### About this task
Which lines belong in your copy? Those from the start of the data through the line with "Prada casual shorts", exactly as written, without any pictures.

(Short web captions)
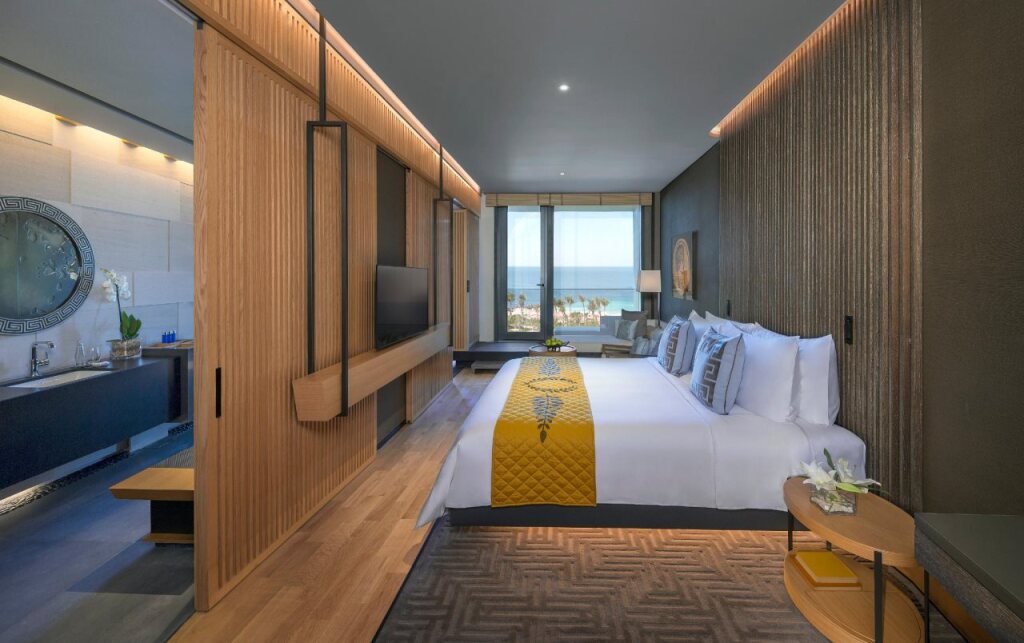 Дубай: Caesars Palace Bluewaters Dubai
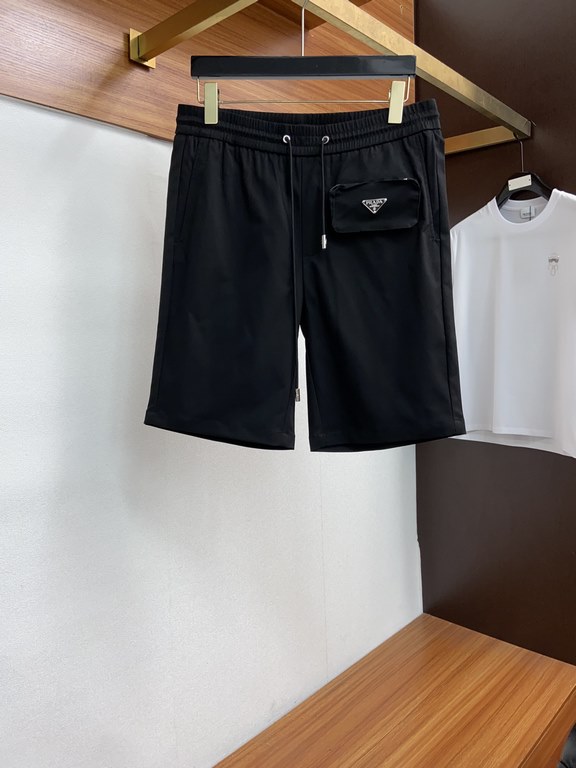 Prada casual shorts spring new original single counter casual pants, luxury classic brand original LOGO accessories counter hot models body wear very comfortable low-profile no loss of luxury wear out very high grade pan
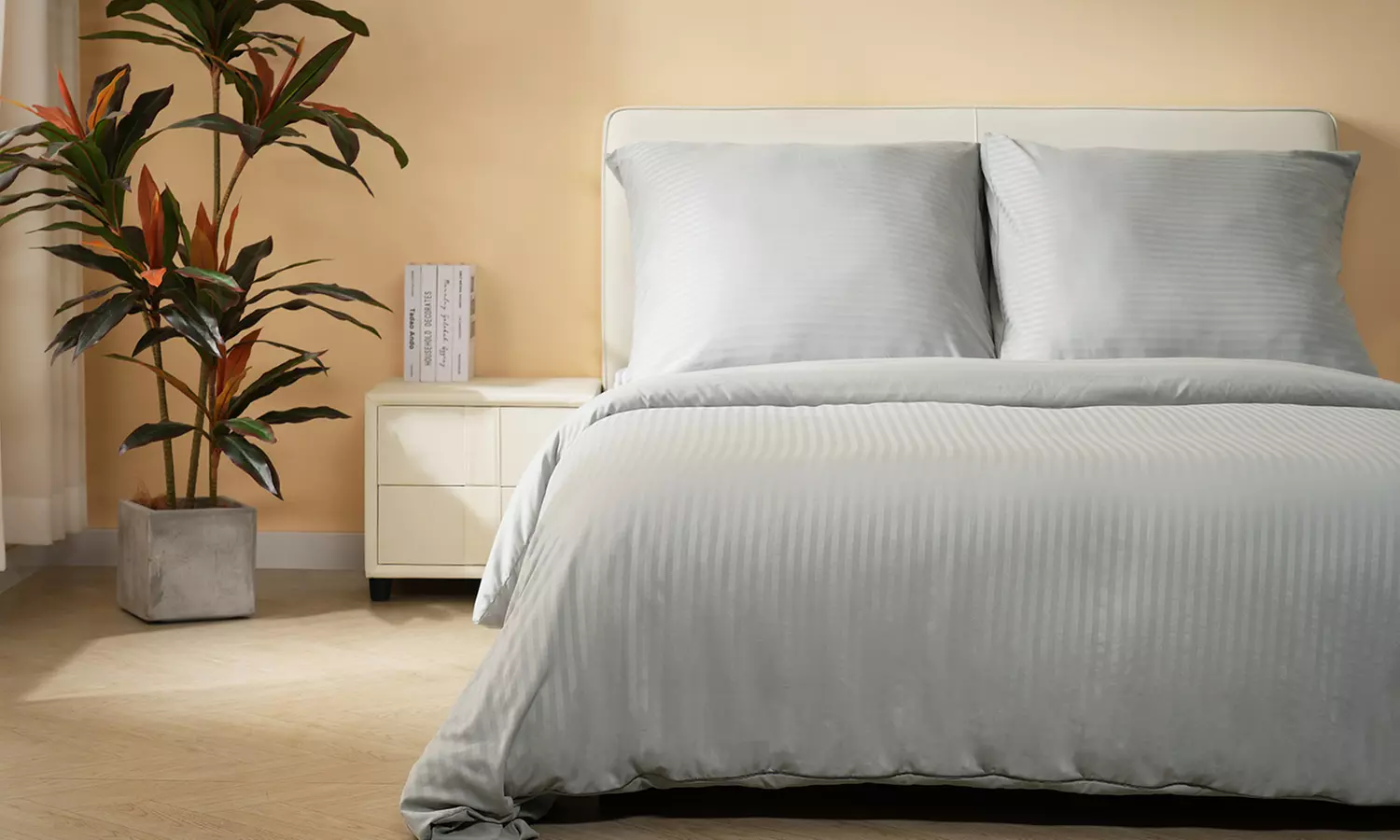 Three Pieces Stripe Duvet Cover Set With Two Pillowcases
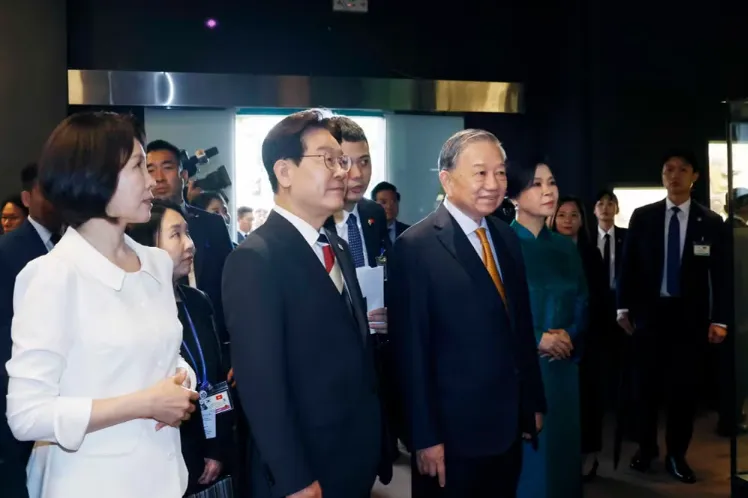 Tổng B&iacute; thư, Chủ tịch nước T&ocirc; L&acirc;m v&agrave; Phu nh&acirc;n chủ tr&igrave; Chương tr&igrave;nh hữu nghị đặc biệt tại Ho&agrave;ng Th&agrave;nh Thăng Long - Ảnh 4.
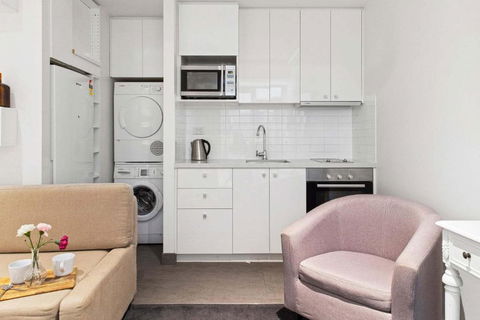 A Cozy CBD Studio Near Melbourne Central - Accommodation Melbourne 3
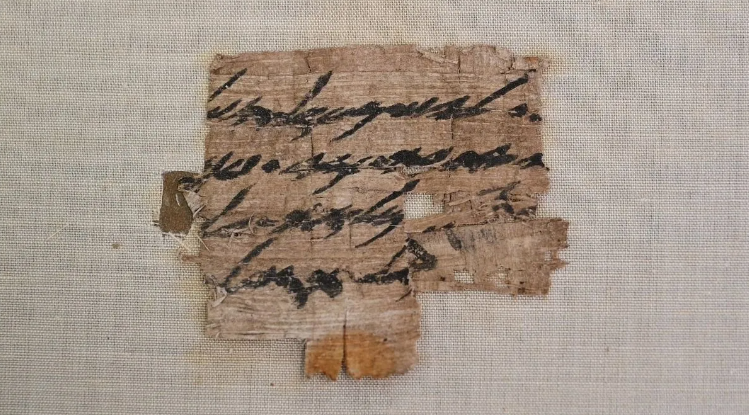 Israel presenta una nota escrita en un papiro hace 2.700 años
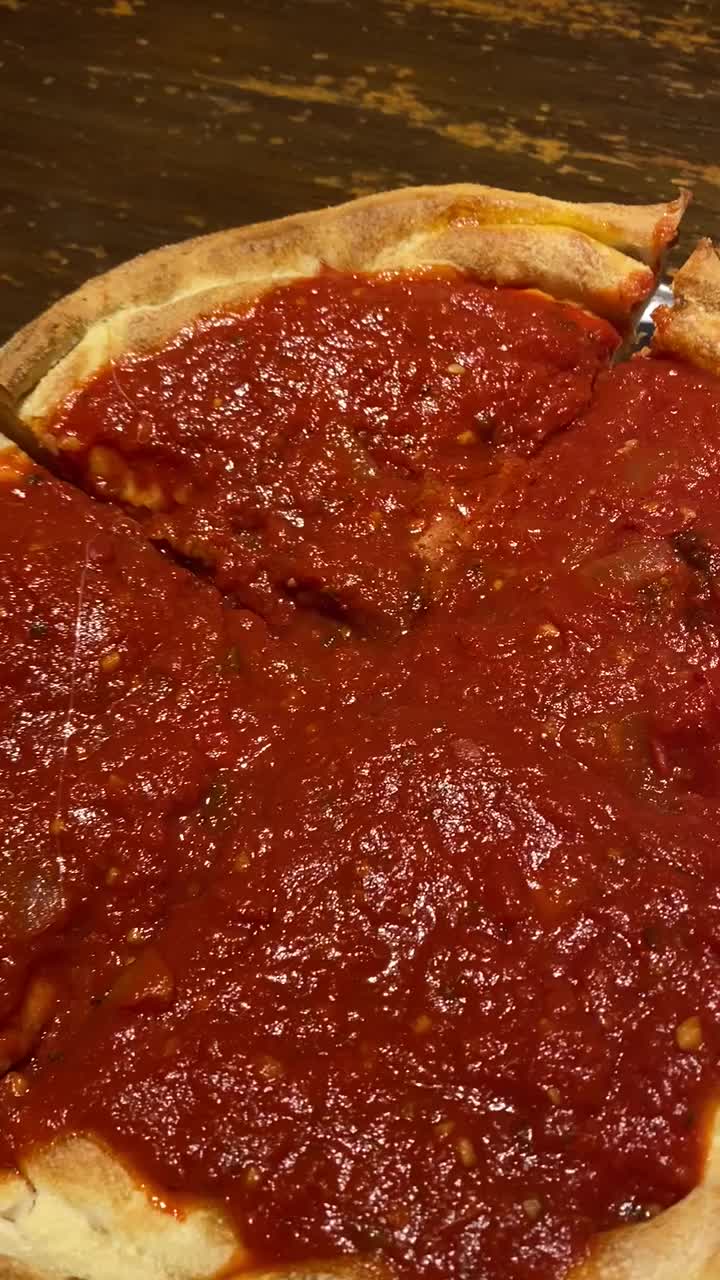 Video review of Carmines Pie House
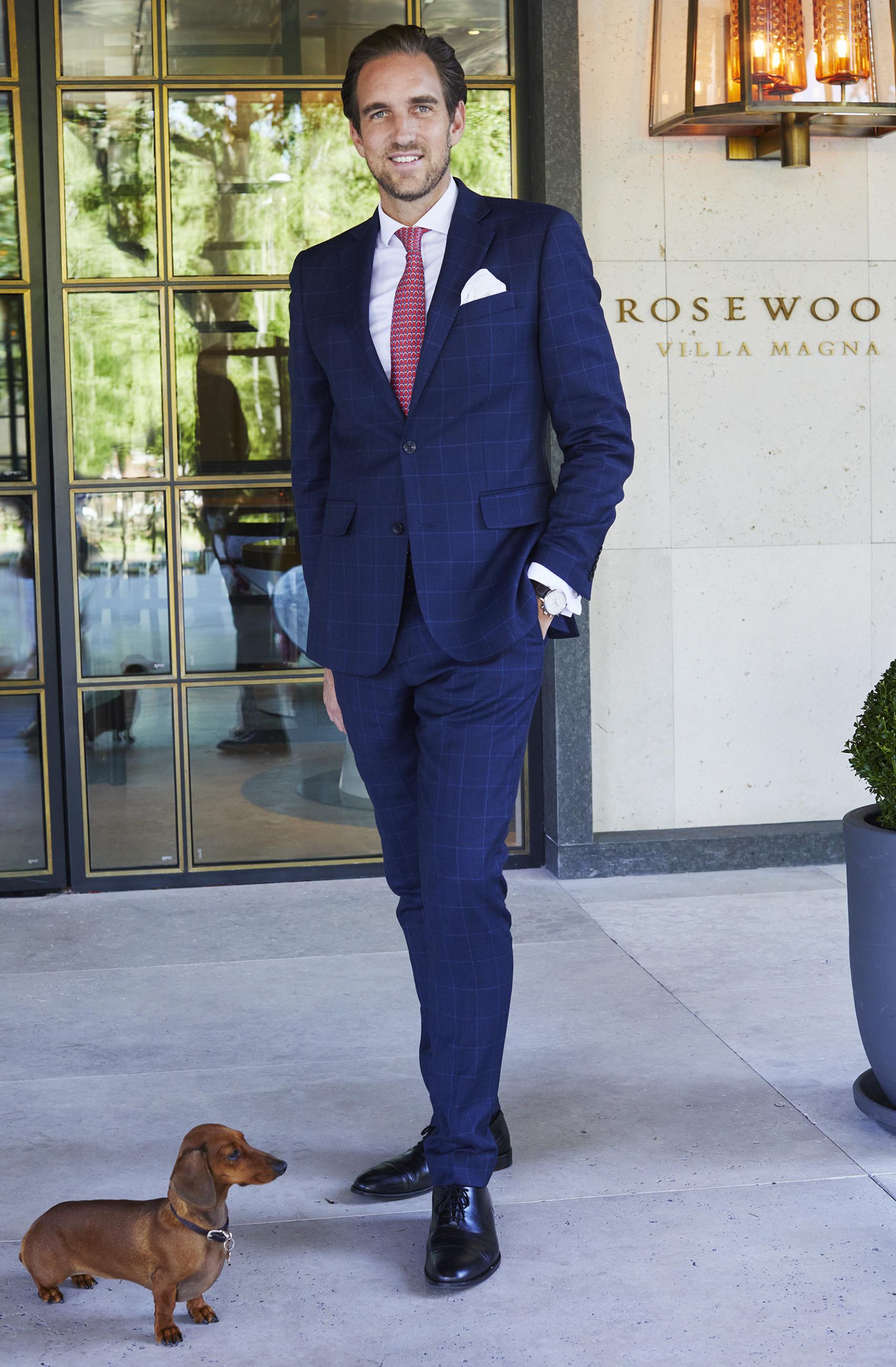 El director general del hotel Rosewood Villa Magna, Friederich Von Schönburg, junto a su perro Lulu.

### Exercise answer
 Дубай: Caesars Palace Bluewaters Dubai
 Prada casual shorts spring new original single counter casual pants, luxury classic brand original LOGO accessories counter hot models body wear very comfortable low-profile no loss of luxury wear out very high grade pan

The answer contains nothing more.